_EXTRACTED INFORMATION_
---
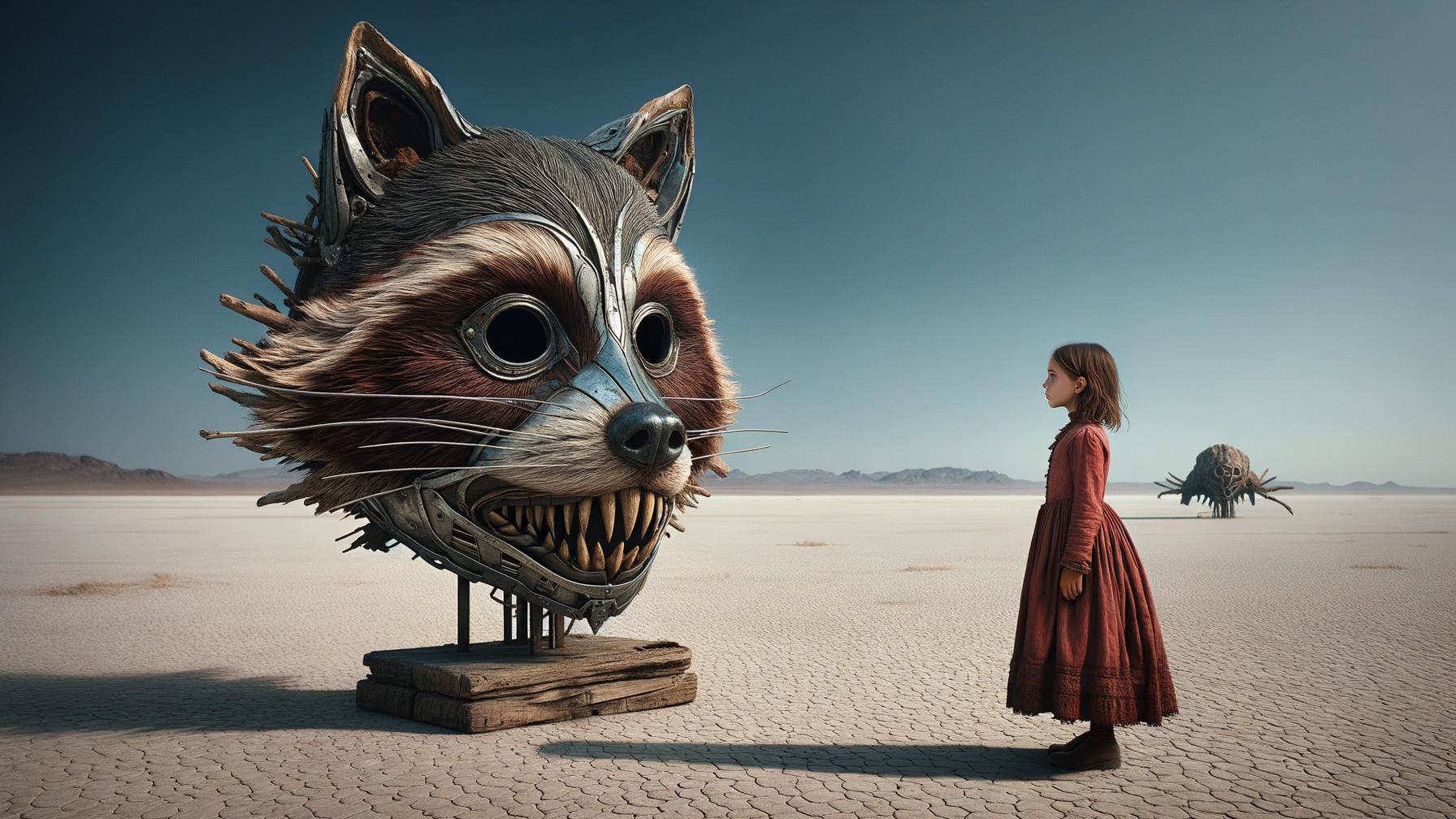 Surreal Desert Scene with Vintage Dressed Girl and Raccoon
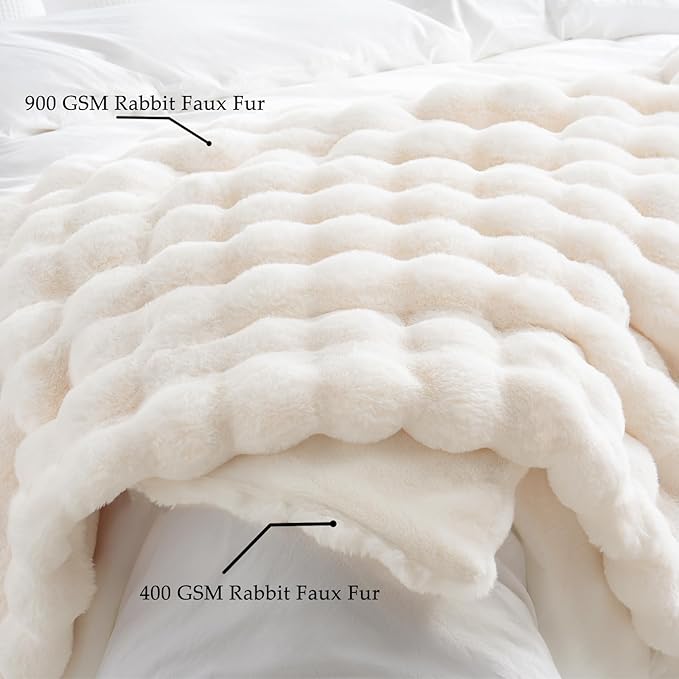 BENVWE Faux Fur Throw Blanket for Couch - Thickened Fluffy Soft Bubble Blanket for Living Room Home Decor - Mothers Day Birthday Gifts for Women Men, Cream White, 50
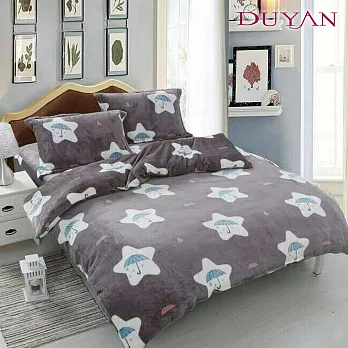 《DUYAN 竹漾》100%法蘭絨雙人舖棉床包兩用毯被組-灰色星雨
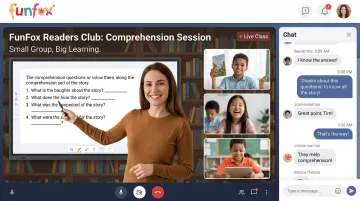 FunFox Readers Club live online small group comprehension session for primary students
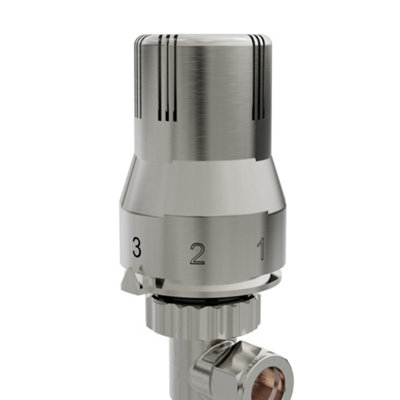 NRG Satin Nickel Angled TRV Thermostatic Radiator Valve and lockshield Valve 15mm x 1/2" - 4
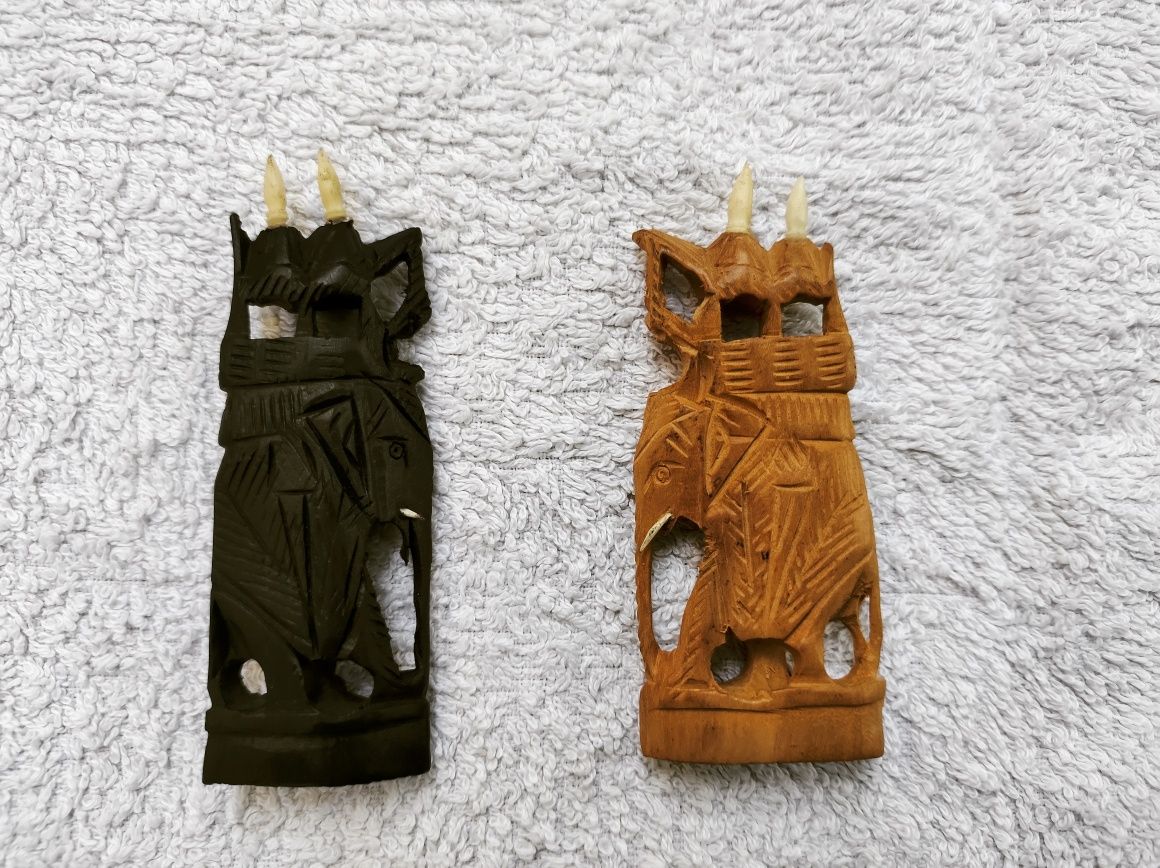 Занаятчийски, индийски шахматни фигури от абанос, ръчна изработка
---
_PROBLEM DETAILS_
No pictures belong in the copy: reproduce exactly the lines above from the one that contains "FunFox Readers Club" through the last line of the entries.

_RESULT FOR THIS TASK_
 FunFox Readers Club live online small group comprehension session for primary students
 NRG Satin Nickel Angled TRV Thermostatic Radiator Valve and lockshield Valve 15mm x 1/2" - 4
 Занаятчийски, индийски шахматни фигури от абанос, ръчна изработка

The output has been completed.